[Stored records]
____
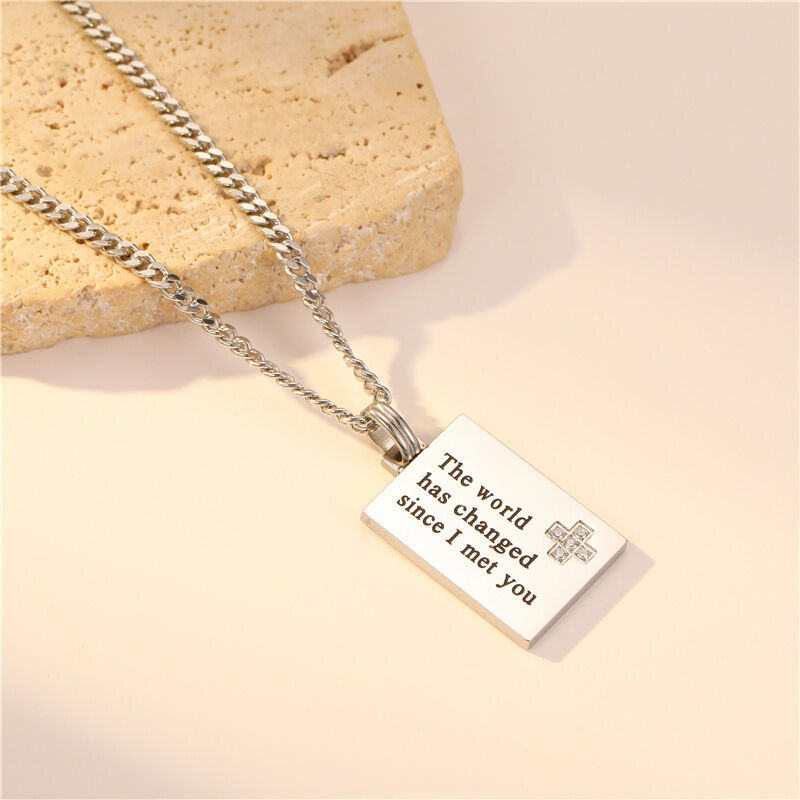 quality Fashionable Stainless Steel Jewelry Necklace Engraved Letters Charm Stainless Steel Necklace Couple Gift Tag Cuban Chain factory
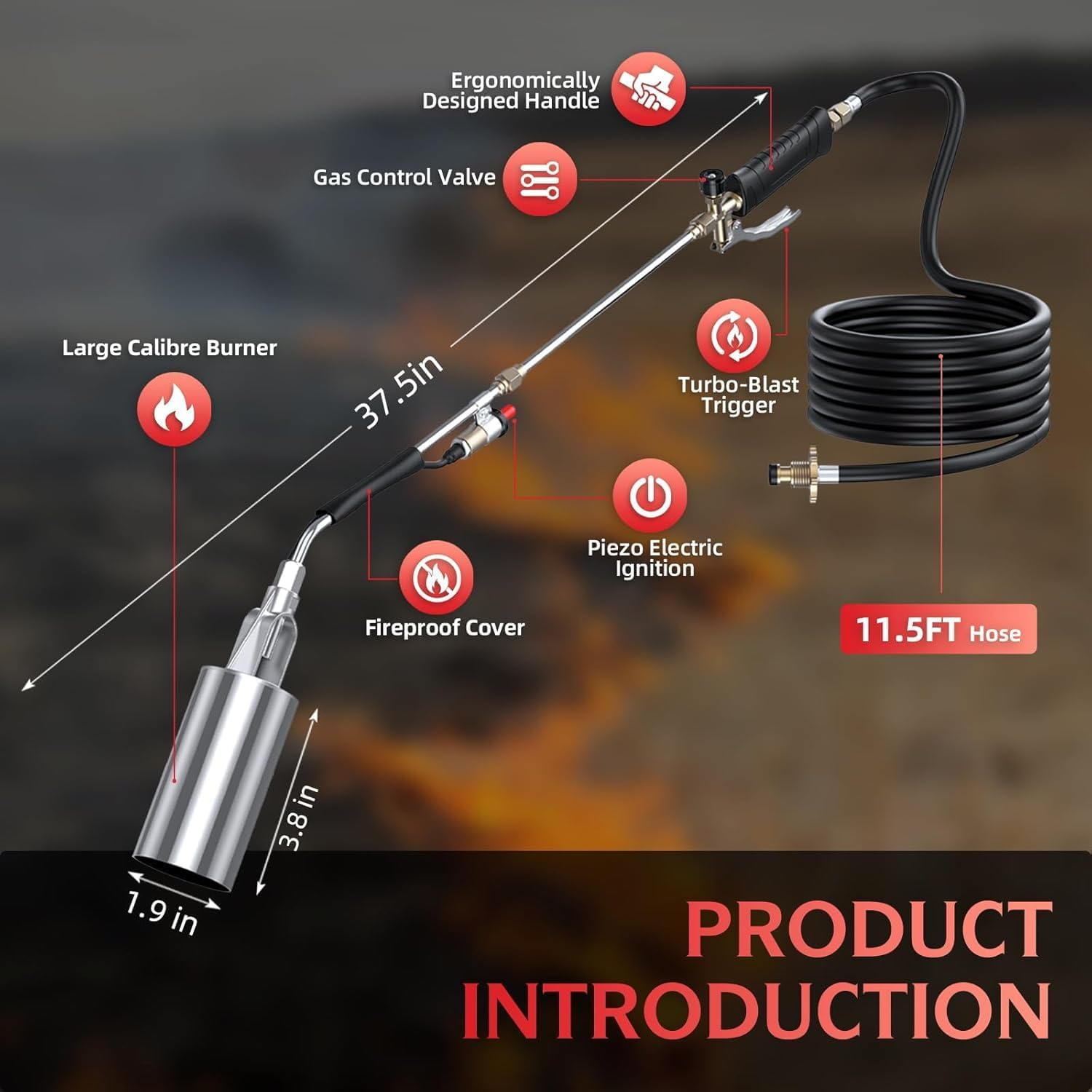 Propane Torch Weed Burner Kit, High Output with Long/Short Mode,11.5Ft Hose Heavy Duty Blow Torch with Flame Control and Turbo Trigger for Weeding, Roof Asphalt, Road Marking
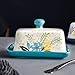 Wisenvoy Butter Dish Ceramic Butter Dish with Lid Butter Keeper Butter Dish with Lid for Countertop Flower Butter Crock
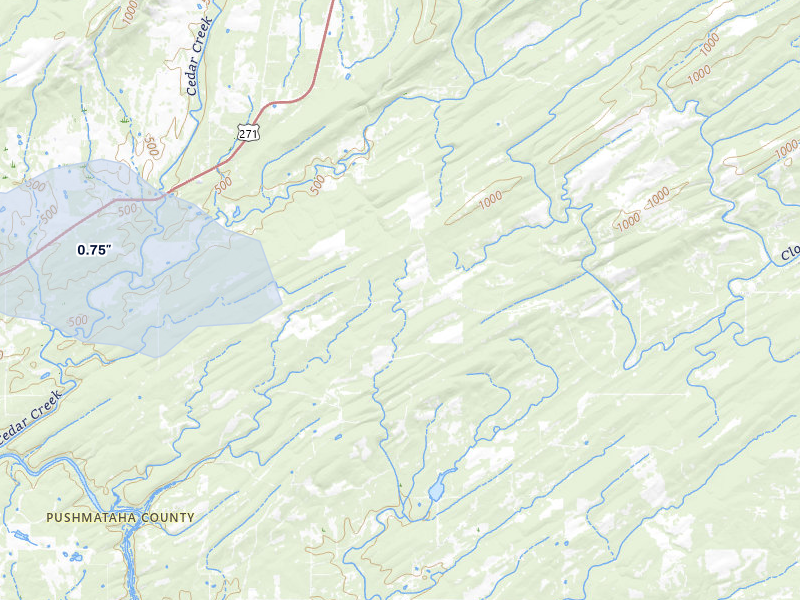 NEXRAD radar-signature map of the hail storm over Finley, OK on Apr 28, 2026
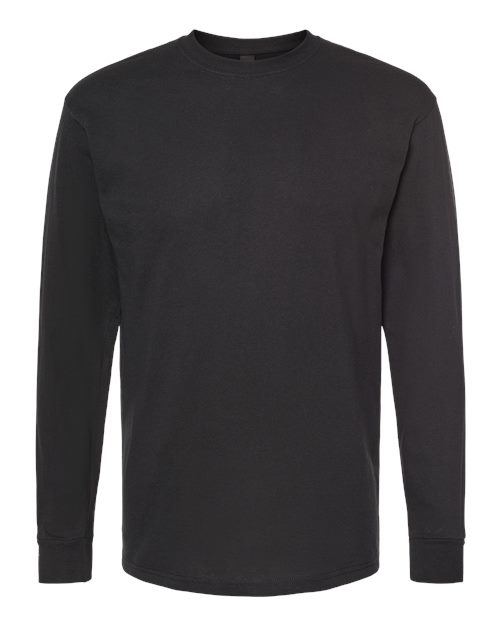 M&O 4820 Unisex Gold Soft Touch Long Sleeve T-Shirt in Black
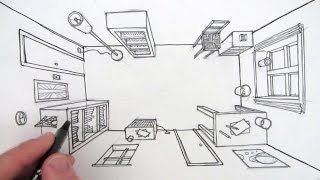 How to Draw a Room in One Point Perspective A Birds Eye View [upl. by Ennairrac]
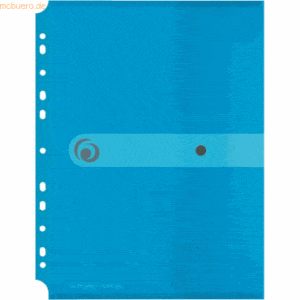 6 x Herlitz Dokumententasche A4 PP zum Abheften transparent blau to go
____
**Task prompt:** Word for word and without pictures, please write out only the lines from the start of the entries through the line containing "M&O 4820 Unisex", both included.

**Answer to this task:**
 quality Fashionable Stainless Steel Jewelry Necklace Engraved Letters Charm Stainless Steel Necklace Couple Gift Tag Cuban Chain factory
 Propane Torch Weed Burner Kit, High Output with Long/Short Mode,11.5Ft Hose Heavy Duty Blow Torch with Flame Control and Turbo Trigger for Weeding, Roof Asphalt, Road Marking
 Wisenvoy Butter Dish Ceramic Butter Dish with Lid Butter Keeper Butter Dish with Lid for Countertop Flower Butter Crock
 NEXRAD radar-signature map of the hail storm over Finley, OK on Apr 28, 2026
 M&O 4820 Unisex Gold Soft Touch Long Sleeve T-Shirt in Black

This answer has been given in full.